(Exercise data)

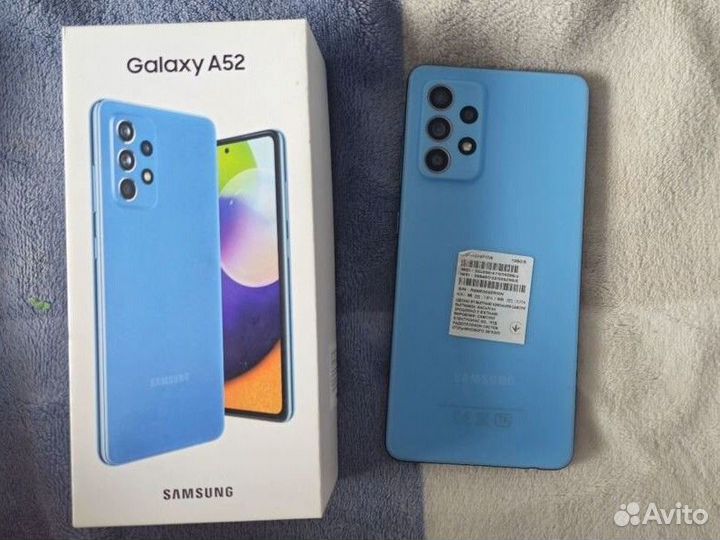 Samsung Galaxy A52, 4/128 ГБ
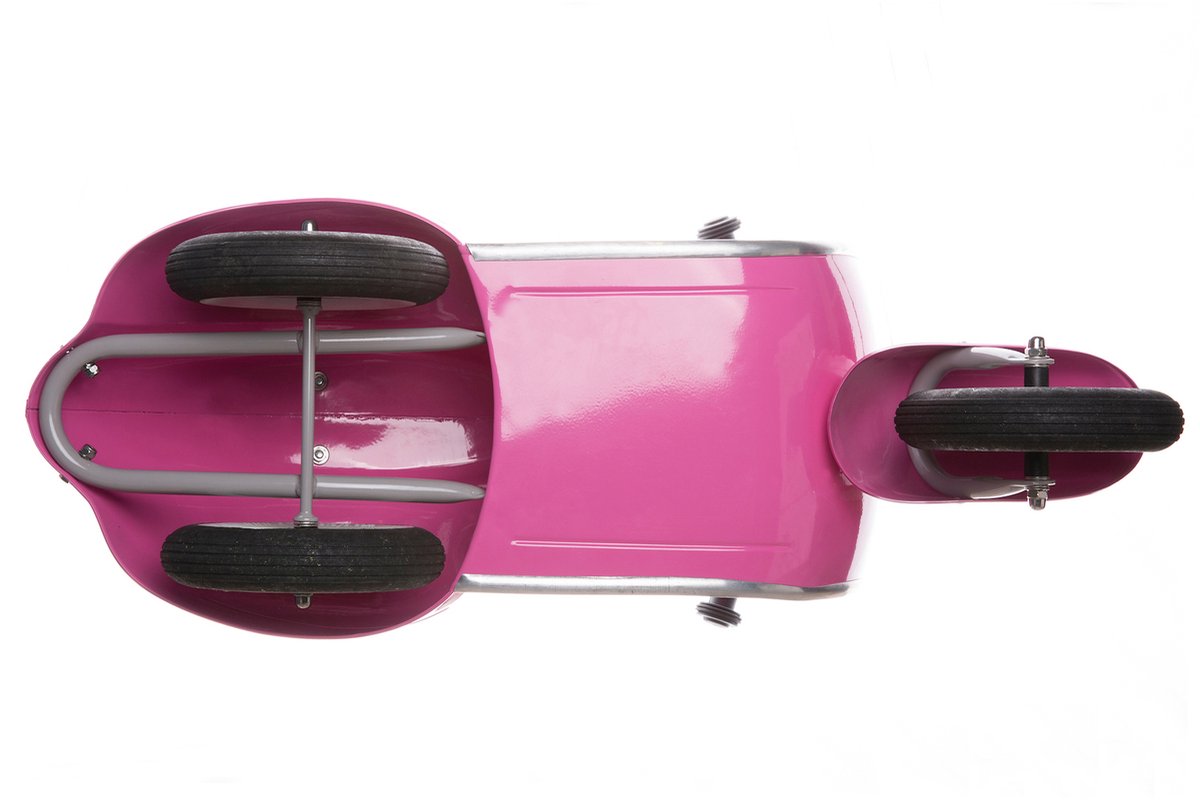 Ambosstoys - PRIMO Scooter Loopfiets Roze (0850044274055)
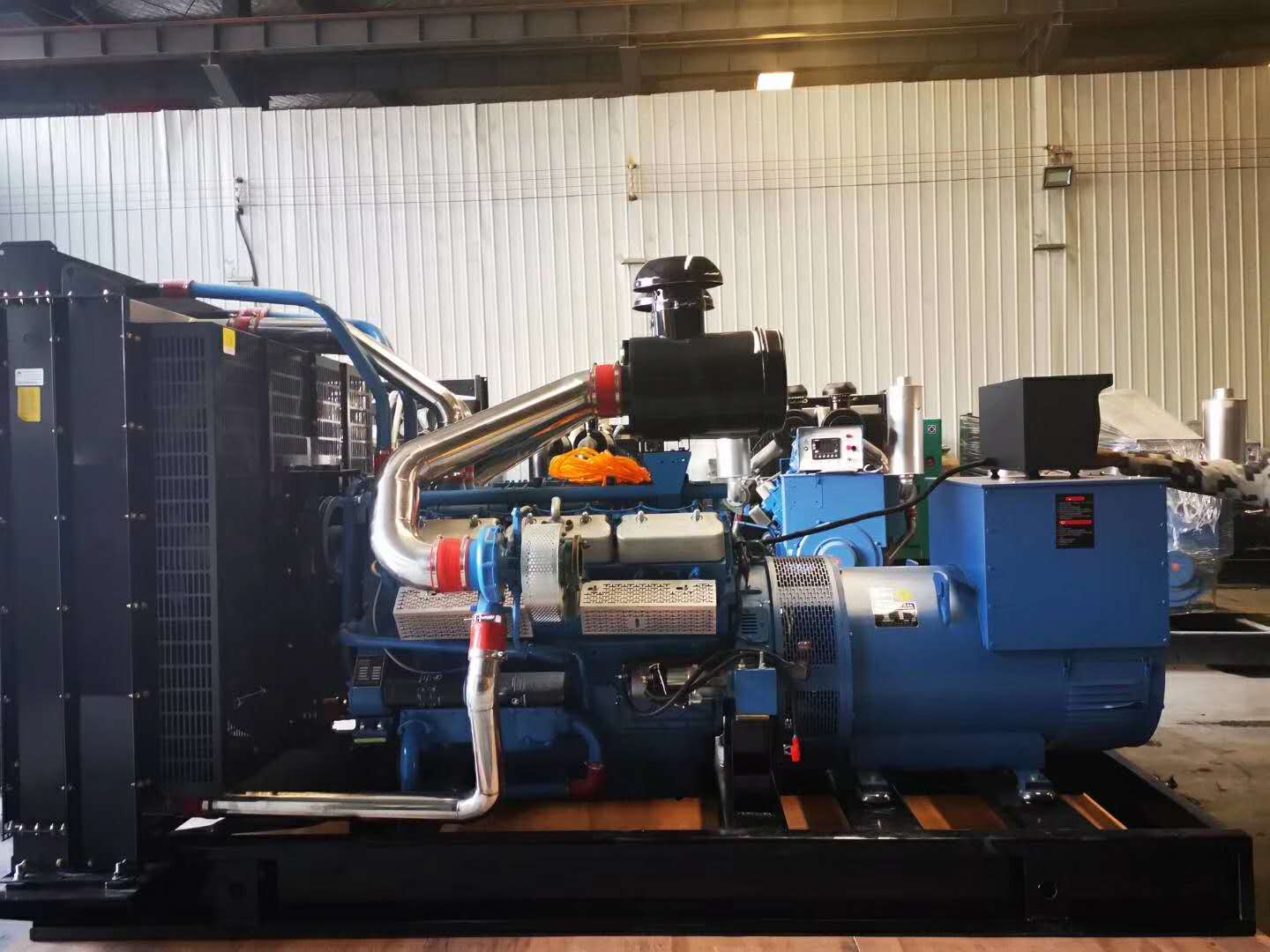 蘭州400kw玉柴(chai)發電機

(End Exercise data)

__To do__. Word for word, repeat the data above with the pictures left out.

__Solved exercise__.
 Samsung Galaxy A52, 4/128 ГБ
 Ambosstoys - PRIMO Scooter Loopfiets Roze (0850044274055)
 蘭州400kw玉柴(chai)發電機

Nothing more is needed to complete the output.